It is too easy for 2 guys ...
 

·
Registered
Joined
·
230 Posts
Screw the tow hook in and use it. The car weighs less than 2000 pounds if you are worries about pushing too hard. I imagine if someone pulled on the tow hook while another person lightly pushed on the rear end of the car, you could even move it up a slight incline. Congrats on the car...enjoy

Andyd
 

·
Registered
Joined
·
7,002 Posts
Whatever you do, do not push or pull on the windshield, or more to the point, the windshield frame. It's not meant to take that additional force and may break. It doesn't take a lot of force to get the car rolling gently on level ground. Enjoy your new ride!! :wave:
 

·
Registered
Joined
·
1,190 Posts
Someone get in the car to steer, jack up one side of the container and let it roll out. No pushing needed.

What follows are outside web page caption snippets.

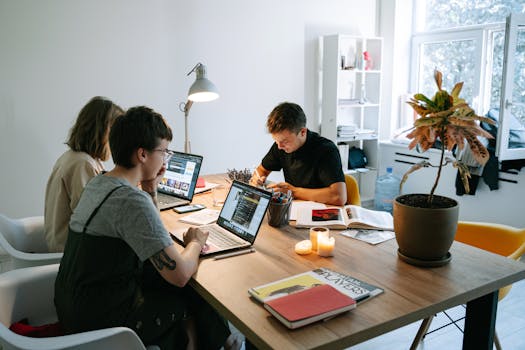 A group of young professionals collaborating in a modern office setting with laptops and documents.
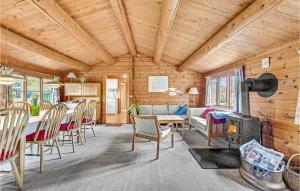 a living room with a couch and a table and chairs at Four-Bedroom Holiday Home In Otterup in Otterup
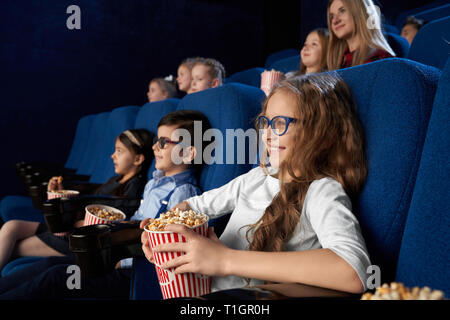 Glückliche, fröhliche Kinder sitzen in Dunkelblau, bequeme Stühle im modernen Kino Theater, Film oder Cartoon. Kinder genießen Film, lächelnd, holding Eimer mit Popcorn. Stockfoto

Fill with new gas and have a fun first drive. (if the battery is working)

Kevin
 

·
Registered
Joined
·
218 Posts
Discussion Starter #7
Thanks for all the advice. The ship arrives tomorrow morning, and I'll be going with a person who specializes in the single-type certification to unload the car the following morning. I have already received clearance from the shipping company to release the container to me, and tomorrow the customs broker will work out the customs details. I have also obtained temporary insurance to cover the car until the certification is obtained to register it here.

We'll be sure not to push the car on the windshield. Maybe tilting the container will work if we have the right equipment.

Regarding the battery -- it was probably disconnected for shipping. When we reconnect it, it may still be dead. If we jump the car, how long should I run it to see if the battery can hold a charge?

What I want to avoid is that I leave the port assuming the battery is OK, go to fill it up at the nearest filling station (since it has little fuel for shipping), and then can't start it again. The port it will arrive in is a bit outside of town, so I'd be stranded if I was in that situation.
 

·
Registered
Joined
·
2,875 Posts
I don't know the laws there, but you could leave the engine running while filling up. It's not recommended but can be done in certain situations

Or you could bring a few jugs of gasoline and fill up the tank that way.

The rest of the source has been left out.